§ EXERCISE DATA
Start of Block
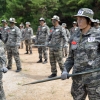 “나도야 귀신잡는 해병” 탈북 대학생들의 이색 해병대 병영체험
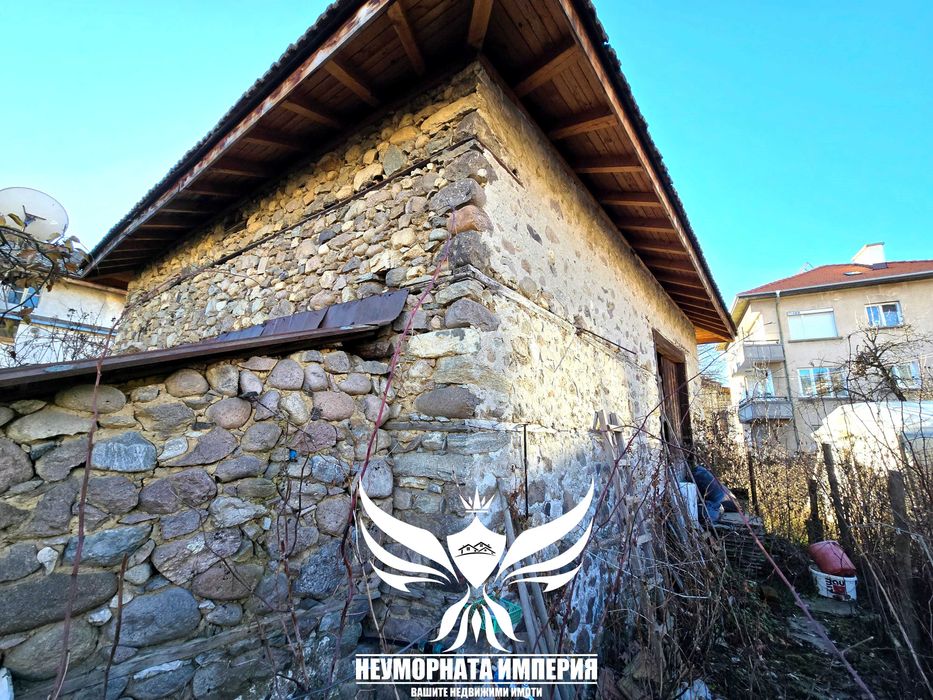 Четириетажна къща с постройки 394РЗП с широк двор 370кв. в гр.Смолян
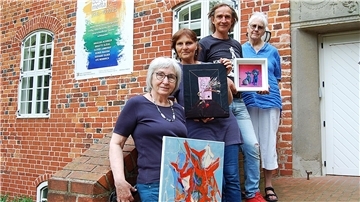 Präsentieren ihre Kunst im Rahmen der Ausstellungsreihe "burgomenta 04" in der Burg Hagen: Von links) Brigitte Gläsel, Angelika Achinger, Olivier Lamboray und Ute Wennrich. Es fehlen Gerhard Silber und Reiner Madena. Foto: Heß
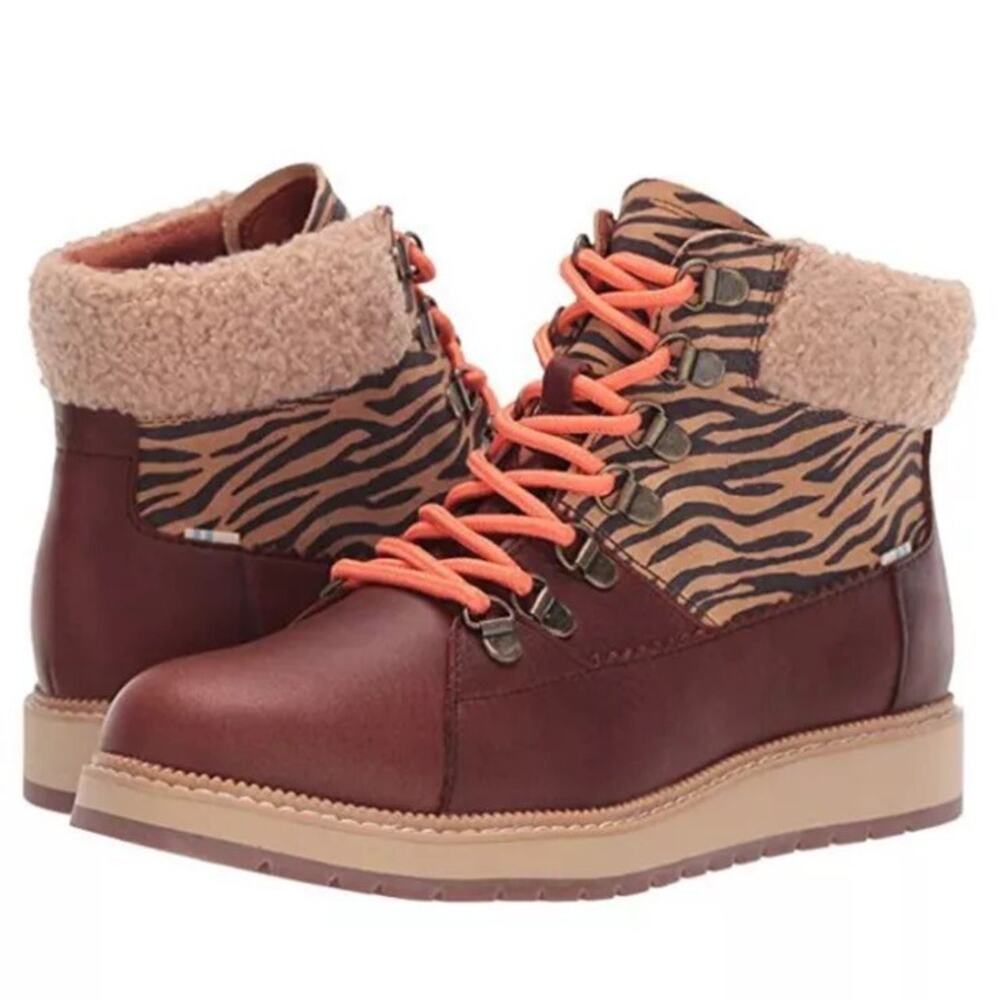 Toms Mesa Boot Womens Size 9 Waterproof Zebra Nylon Faux Plush Animal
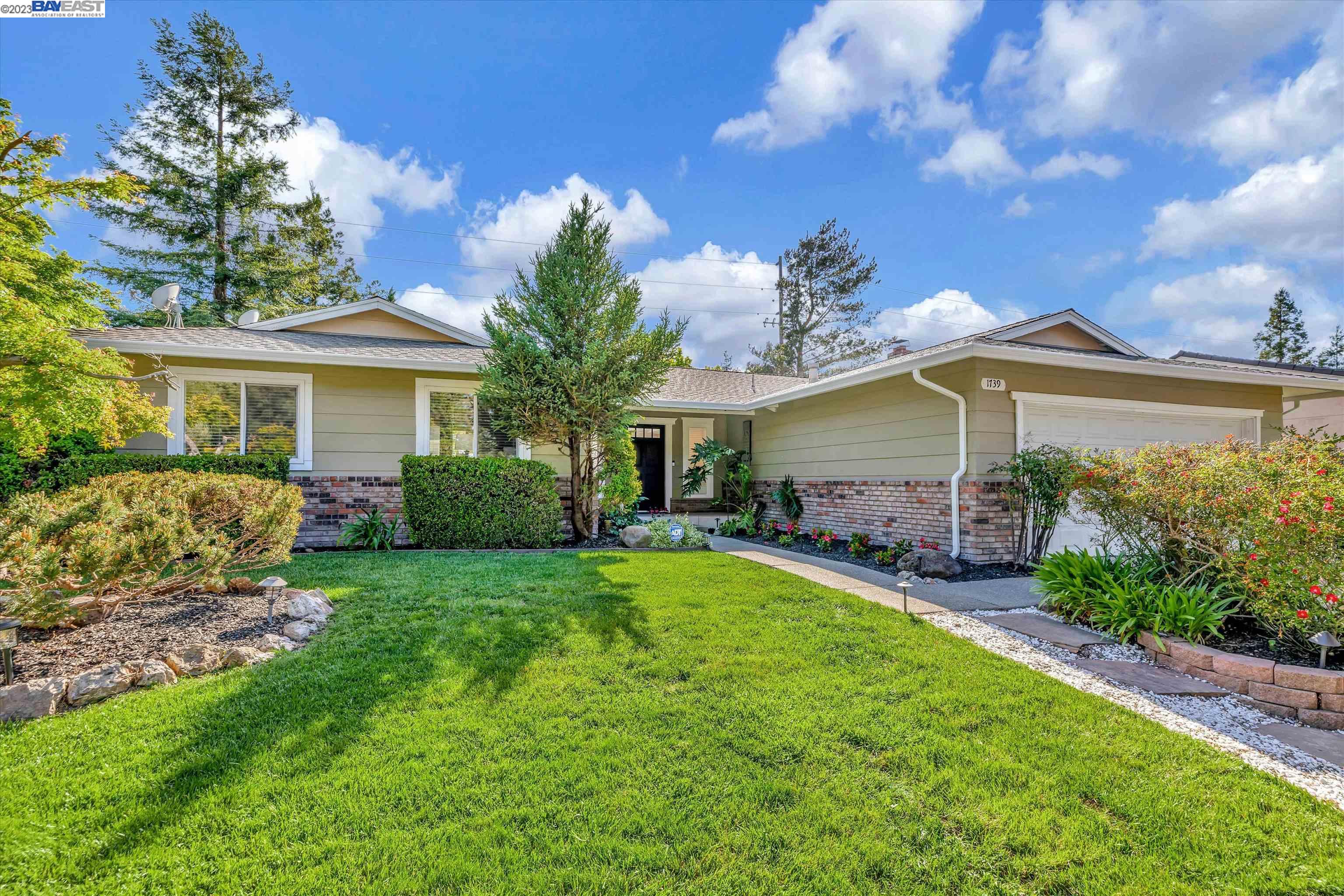 1739 Saint Helena Dr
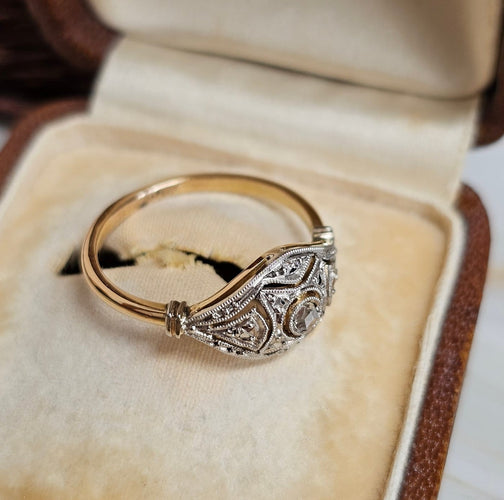 52 Art déco - Bague en or jaune, platine et diamant 58 Facettes 743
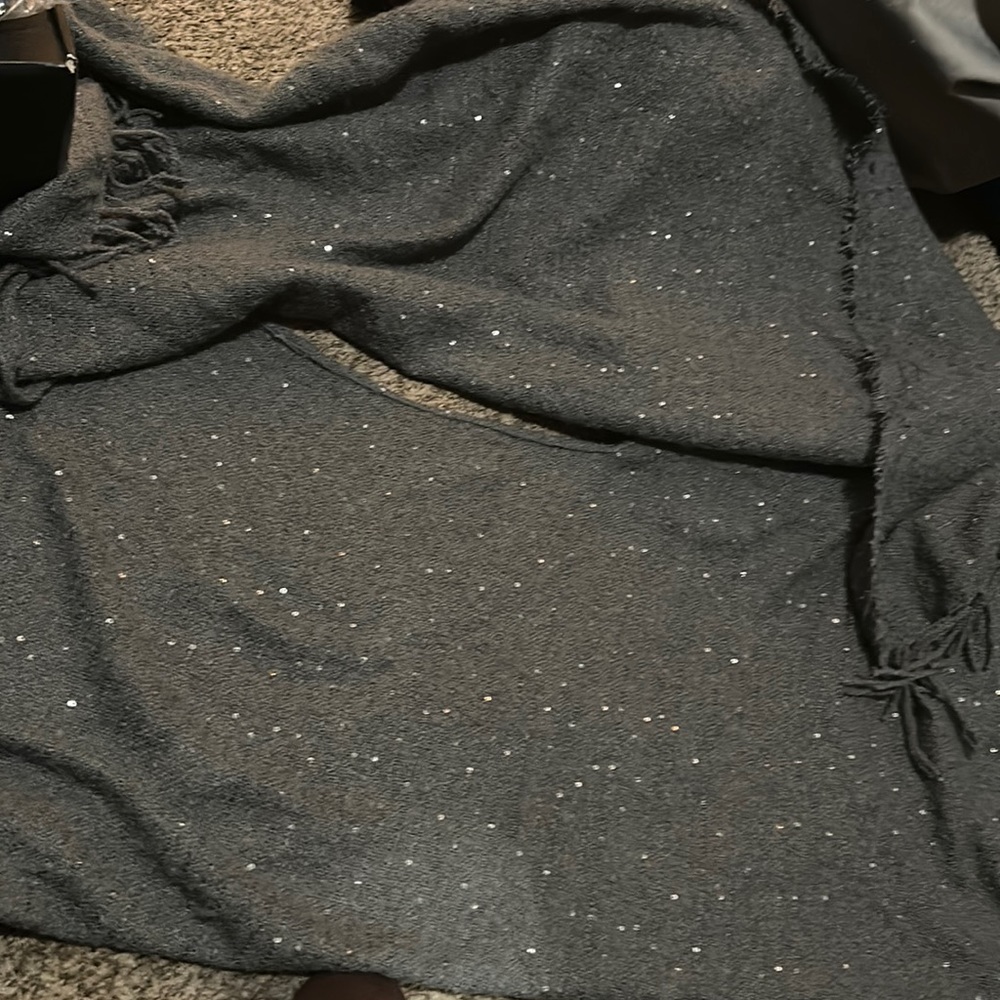 New no tags never been worn shawl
End of Block
§ EXERCISE PROMPT
Strip out the pictures and reproduce the remaining material above exactly.

§ RESULT FOR THIS TASK
 “나도야 귀신잡는 해병” 탈북 대학생들의 이색 해병대 병영체험
 Четириетажна къща с постройки 394РЗП с широк двор 370кв. в гр.Смолян
 Präsentieren ihre Kunst im Rahmen der Ausstellungsreihe "burgomenta 04" in der Burg Hagen: Von links) Brigitte Gläsel, Angelika Achinger, Olivier Lamboray und Ute Wennrich. Es fehlen Gerhard Silber und Reiner Madena. Foto: Heß
 Toms Mesa Boot Womens Size 9 Waterproof Zebra Nylon Faux Plush Animal
 1739 Saint Helena Dr
 52 Art déco - Bague en or jaune, platine et diamant 58 Facettes 743
 New no tags never been worn shawl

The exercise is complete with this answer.